Pushpesh Pant
MIXED lentils are our weakness. We have encountered these in many incarnations — Panchrangi, Rajasthani, Keoti Hyderabadi, Mili Pahadi and the triveni of unhusked yellow lentils — moong, urad and arhar. Our considered view is that more the merrier!
As the old saying has it, ‘Faqat dal roti, baaki sab baat khoti!’ (What matters in the end is just the lentils that go with bread.) The art of making a good simple dal is more difficult to master than turning out a complex curry. It involves getting down to the basics, and if anything is botched up, then there is no enchanting screen of spices and aromatics to hide behind. But let us not digress.

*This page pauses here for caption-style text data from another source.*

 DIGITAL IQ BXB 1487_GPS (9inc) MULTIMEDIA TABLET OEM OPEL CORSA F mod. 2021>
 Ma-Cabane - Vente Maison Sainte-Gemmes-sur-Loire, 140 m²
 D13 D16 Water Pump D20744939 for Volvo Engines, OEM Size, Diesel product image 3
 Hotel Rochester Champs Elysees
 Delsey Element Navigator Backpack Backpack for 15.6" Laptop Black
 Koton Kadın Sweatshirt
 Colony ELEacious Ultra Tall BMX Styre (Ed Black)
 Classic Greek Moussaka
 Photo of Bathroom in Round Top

The recipe we share with dear readers this time is an improvisation on an inspired creation by our late friend Jiggs Kalra, relocating in tempering the ‘Seven Royal Salutes’ commemorating the legends of Asafzahi Nizams. He insisted that the tempering should follow in a prescribed sequence. However, we feel that except asafoetida and the bay leaf, you can follow your own inclination. You may also happily replace the ‘notes’ in tempering with curry leaves and kasuri methi. The idea is to compose a harmonious symphony of flavours that blend beautifully with the mosaic-like colours in the bowl.
You may substitute a lentil with another you prefer. Usually, this saatvik dal eschews garlic and onions but we feel a garnish of deep-fried finely sliced onions and cloves of garlic add to its crowning glory. It goes without saying that chopped coriander and mint leaves don’t hurt either.

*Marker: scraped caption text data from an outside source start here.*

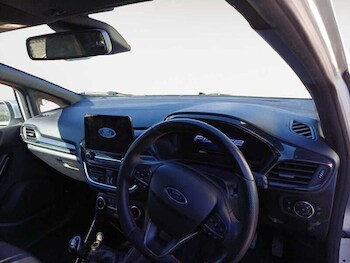 Used Ford Fiesta 2023 for sale - 78391293: Photo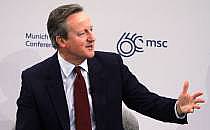David Cameron (Archiv), &uuml;ber dts Nachrichtenagentur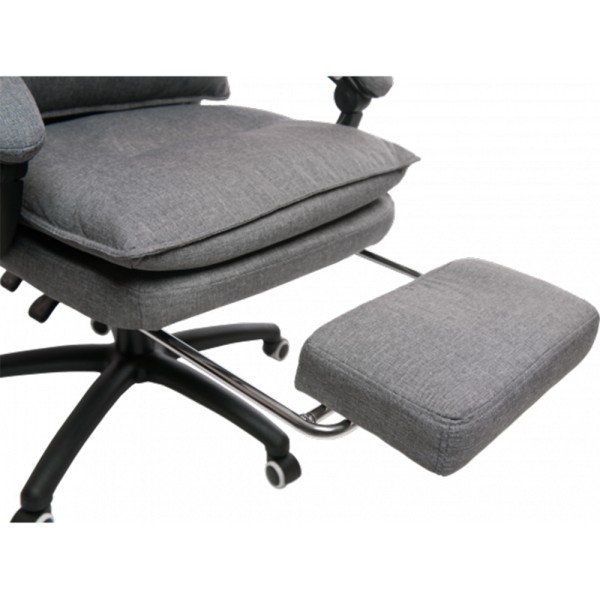 Крісло B-2507 – стильне та зручне для офісу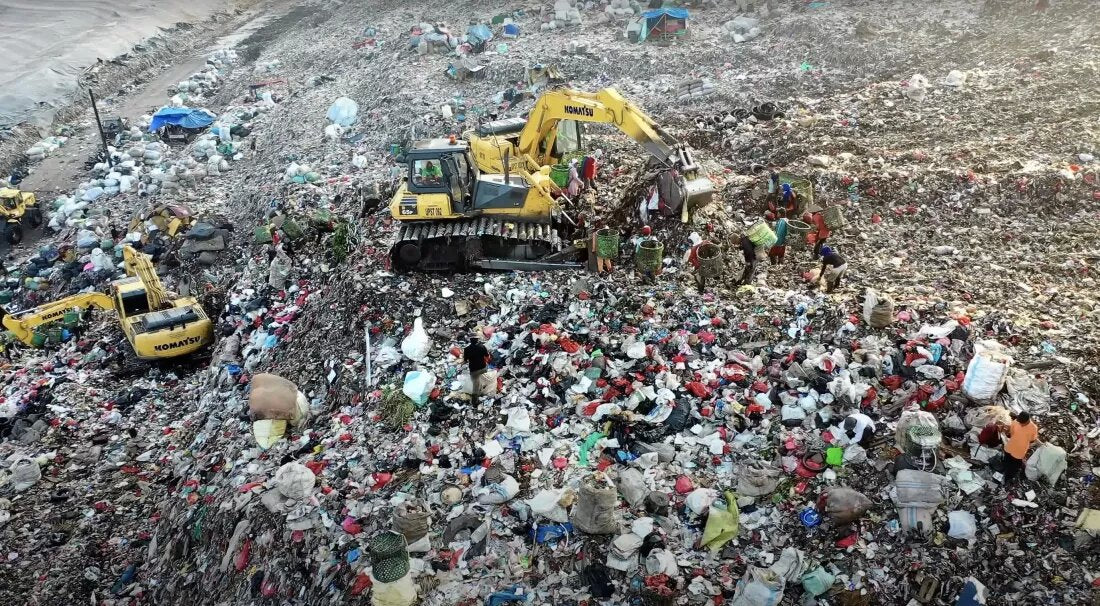 British engineer who threw away a hard drive holding 7,500 Bitcoin has a new idea on how to recover it from a landfill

What must be noted is that to relish the taste of lentils, no overpowering powdered or ground spices should be allowed to trespass. This is one of those rare preparations in the Indian kitchen that does away with both haldi and dhania powder. You may, if you can’t do away with the duo, add a large pinch but no more of haldi when you begin boiling the lentils.

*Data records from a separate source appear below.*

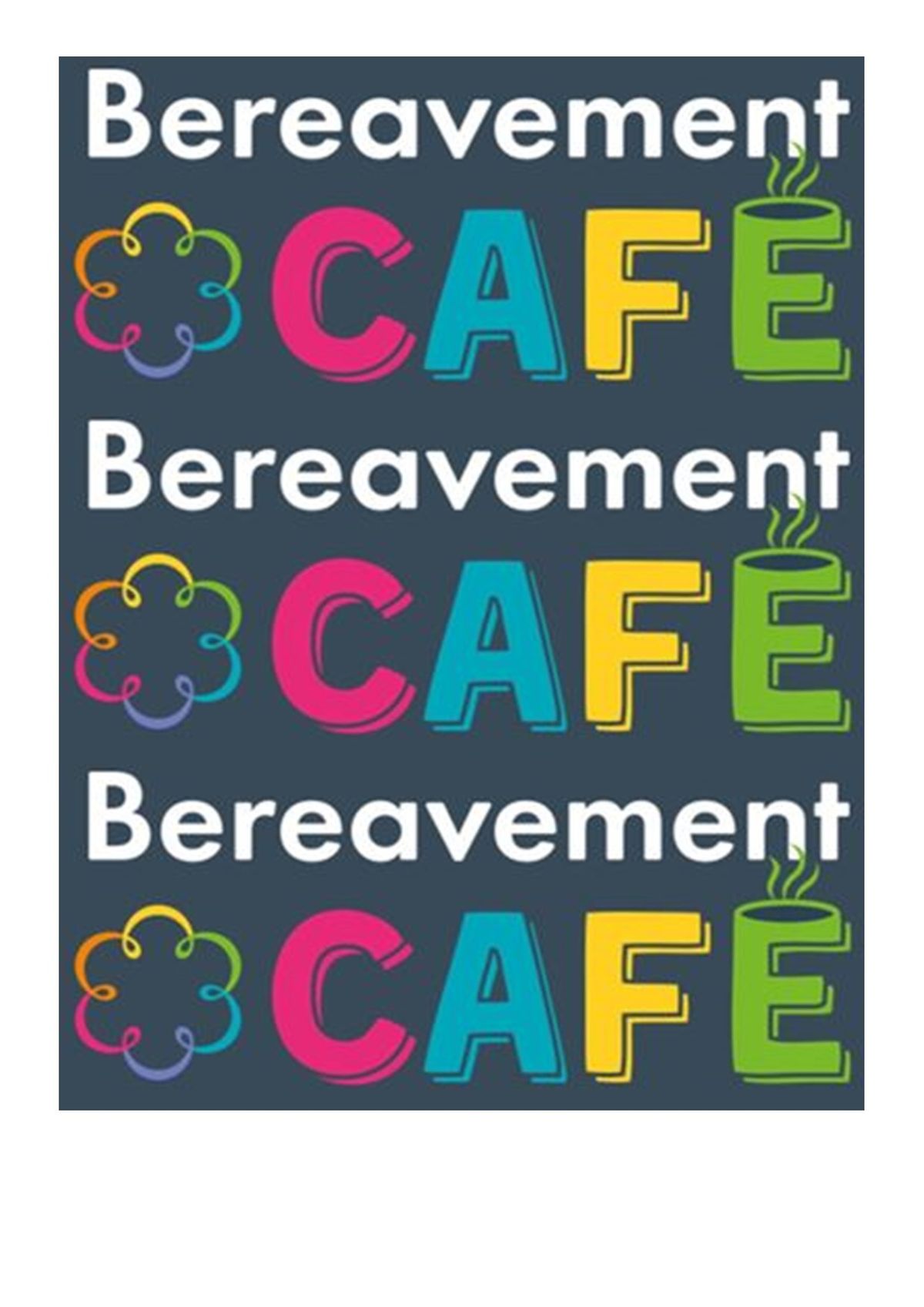 Bereavement Caf\u00e9 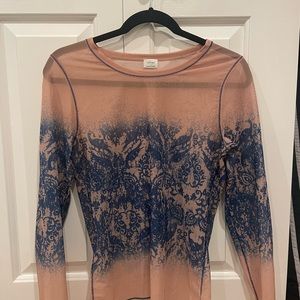 Wilfred Mesh Longsleeve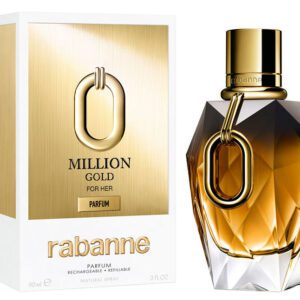 MILLION GOLD HER PARFUM 90ML TESTER # (CAJA GENERICA)
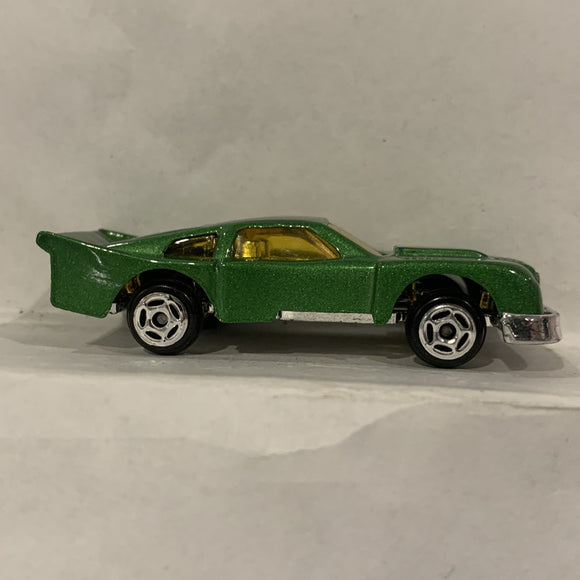 Green Stock Racer  Unbranded AB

Not all of the tempering is visible but you can feel its presence. And this is what sets this simple dish sublime.
Dal Satrangi
Ingredients
Black mash (whole) 40g
Black gram 40g
Dal chana 40g
Dal arhar 40g
Dal kulthi 40g
Dal malka masur 40g
Rajma 40g
Ginger paste 1 tbsp
Salt to taste
For tempering
Asafoetida 1/4 tsp
Bay leaf 1
Red chilli dried 1
Green chilli 1
Cumin seeds 1/2 tsp
Garlic cloves 2
Black peppercorns 6-8
Ghee 1/3 cup
Method
Soak black mash, rajma and black gram overnight. Soak rest of the lentils for 30 minutes. Bring water to a boil in a pressure cooker. Add lentils, salt and ginger paste to it. Cook under pressure for 20 minutes. Let the pressure come down on its own. Uncover and start tempering. Heat a little ghee in a saddle. Add asafoetida and bay leaf and pour over the dal. Stir well. Keep cooking uncovered over medium flame for five minutes. Administer the second tempering by heating some more ghee and adding cumin seeds, cloves and peppercorns to it. Stir. Continue cooking for another five minutes. Now is the time for the final salute. Add red and green chillies to the hot ghee and as soon as they change colour, pour over the lentils. Mix well. Serve with phulka or steamed rice.
PS: In case you’d forgotten to soak the lentils at night, soak these all together for 30 minutes and mash a little before every tempering.